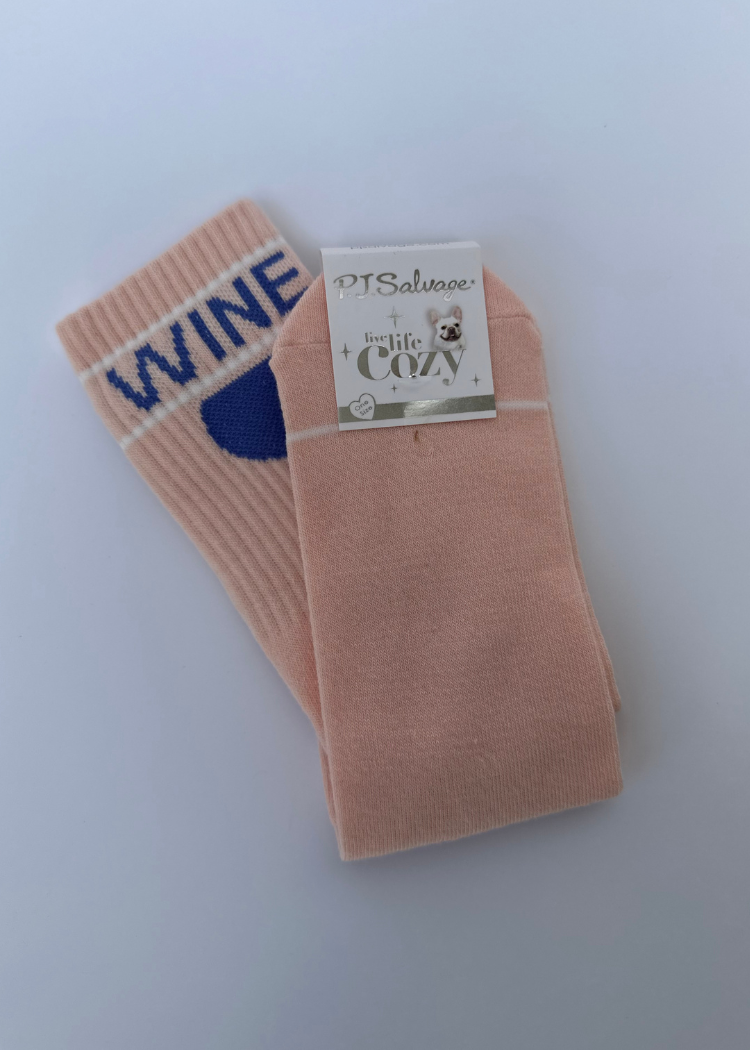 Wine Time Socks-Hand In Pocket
= = = = =
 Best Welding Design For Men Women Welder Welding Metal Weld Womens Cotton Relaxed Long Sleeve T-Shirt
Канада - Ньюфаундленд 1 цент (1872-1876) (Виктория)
= = = = =
### The task
Take the line above containing "Best Welding Design", the line containing "Канада - Ньюфаундленд", and all lines in between, and copy them exactly without anything else.

### Task result
 Best Welding Design For Men Women Welder Welding Metal Weld Womens Cotton Relaxed Long Sleeve T-Shirt
Канада - Ньюфаундленд 1 цент (1872-1876) (Виктория)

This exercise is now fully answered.